The first record of each set is indicated by ending with an X, as we haven’t read the number of children yet. The next row will declare the number of child elements. When a child record starts, we need to decrease the parent’s child count by 1. Once all children are read then we read the data fields until the record is complete. Again on each step, I decrease the count in the string.
The expression is pretty hairy:
IF Right([Row-1:Totals],1)="X" THEN Substring([Row-1:Totals],0,Length([Row-1:Totals])-1) + [Field_1] ELSEIF REGEX_Replace([Row-1:Totals],"^.*?(\d+):\d+$","$1") = "0" then IF Right([Row-1:Totals],4) = "_0:1" then Substring([Row-1:Totals], 0, Length([Row-1:Totals])-4) ELSE REGEX_Replace( [Row-1:Totals], "^(.*):(\d+)$", "$1:"+ToString(ToNumber(REGEX_Replace([Row-1:Totals],"^.*:(\d+)$","$1"))-1)) ENDIF ELSE REGEX_Replace( [Row-1:Totals], "^(.*)_(\d+):(\d+)$", "$1_" + ToString(ToNumber(REGEX_Replace([Row-1:Totals],"^.*?(\d+):\d+$","$1"))-1)+":$3") + "_" + [field_1]+":X" ENDIF
Having produced this sequence, a second Multi-Row formula reads the state of this value and can then produce the required sum.
Part 2 came from the built structure as well but it involves a little extra work. First, I assigned an ID to each node. This needs to hold the structure of the tree so ends up being a path as well as the node ID. For example:
1 11 12 121 13
After this, a few joins and sums produce the final results.
Day 9 – Marble Mania
Runtime: Part 1 – minutes, Part 2 – hours, a lot….
This one really didn’t suit Alteryx at all. It’s basically a large scale iteration inserting and removing records from a list. This would be a fairly straightforward problem for a programming language but not easy in Alteryx unfortunately.

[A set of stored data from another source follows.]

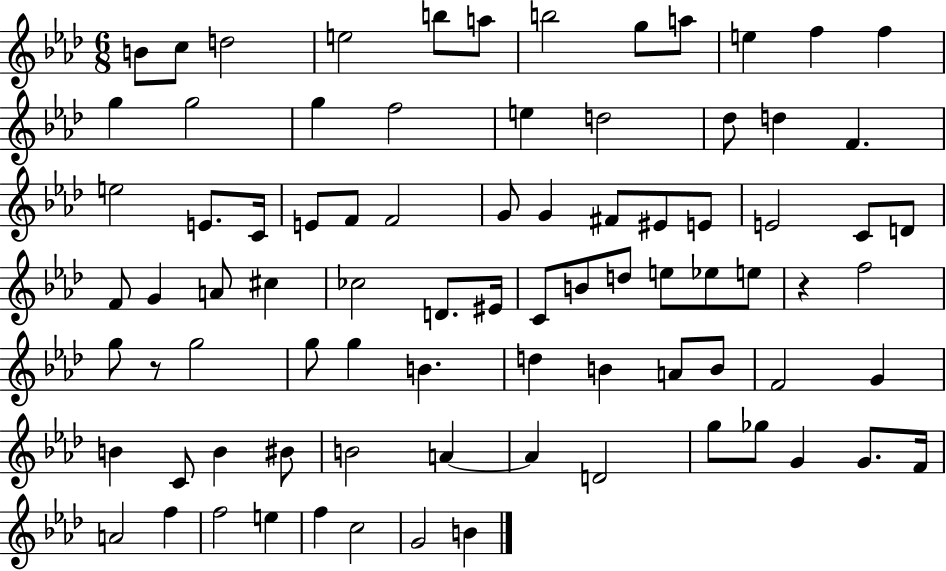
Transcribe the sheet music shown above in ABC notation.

X:1
T:Untitled
M:6/8
L:1/4
K:Ab
B/2 c/2 d2 e2 b/2 a/2 b2 g/2 a/2 e f f g g2 g f2 e d2 _d/2 d F e2 E/2 C/4 E/2 F/2 F2 G/2 G ^F/2 ^E/2 E/2 E2 C/2 D/2 F/2 G A/2 ^c _c2 D/2 ^E/4 C/2 B/2 d/2 e/2 _e/2 e/2 z f2 g/2 z/2 g2 g/2 g B d B A/2 B/2 F2 G B C/2 B ^B/2 B2 A A D2 g/2 _g/2 G G/2 F/4 A2 f f2 e f c2 G2 B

This required running 70k iterations. My first attempts to do this with an iterative macro took ages. Again, iterative macros were not the way to go.
I then tried using strings with delimiters and regular expressions again. A generate rows tool creates all the iterations I need. This was reasonably successful but in the end, I gave up on this approach and went for fixed length strings for each value in the list.
I broke the problem into a couple of steps. Step 1 used a multi-row formula tool to work out where to write or remove the value from in the list. Step 2 then manipulates the string:
IIF([Marble]=0,[MarbleStr], iif([Action]=1, Left([Row-1:Positions],Current * [Length]) + [MarbleStr] + SubString([Row-1:Positions],Current * [Length]), Left([Row-1:Positions],(Current - 1) * [Length]) + SubString([Row-1:Positions],Current * [Length])) )
In the end, this approach was fairly quick and easy to work with.
This required running 7,000,000 iterations. Gulp.
My first attempt was to just scale up the number of Part 1 and let it keep running. Unfortunately, this wasn’t practical. The length of the string needed to be increased to hold 7 digits. In addition, the size of the string being manipulated goes up and up and is soon in the order of megabytes. Each step takes longer and longer to iterate.
What I really needed was a List object allowing for manipulation. After banging my head against this for a few days in the end I admitted defeat and implemented a list variable type in the Abacus library and allowed the use of that. I will do a post on the new variable system built into the Abacus library as well as an additional post on the list system I added.
Day 10 – The Stars Align
Runtime: 15.3s, 21 tools
This one needed a little thought before the build. A brief look at the data suggest the values that might be a good place to start and then I shifted it up and down a single step. One nice trick was to convert the XY points to Spatial point and plot in a browse tool to read the result.
Day 11 – Chronal Charge
Runtime: 1m19, 12 tools
Lots of generate row tools here (4 of them) in a series. A fairly quick and dirty brute force solution – but an easy approach in Alteryx.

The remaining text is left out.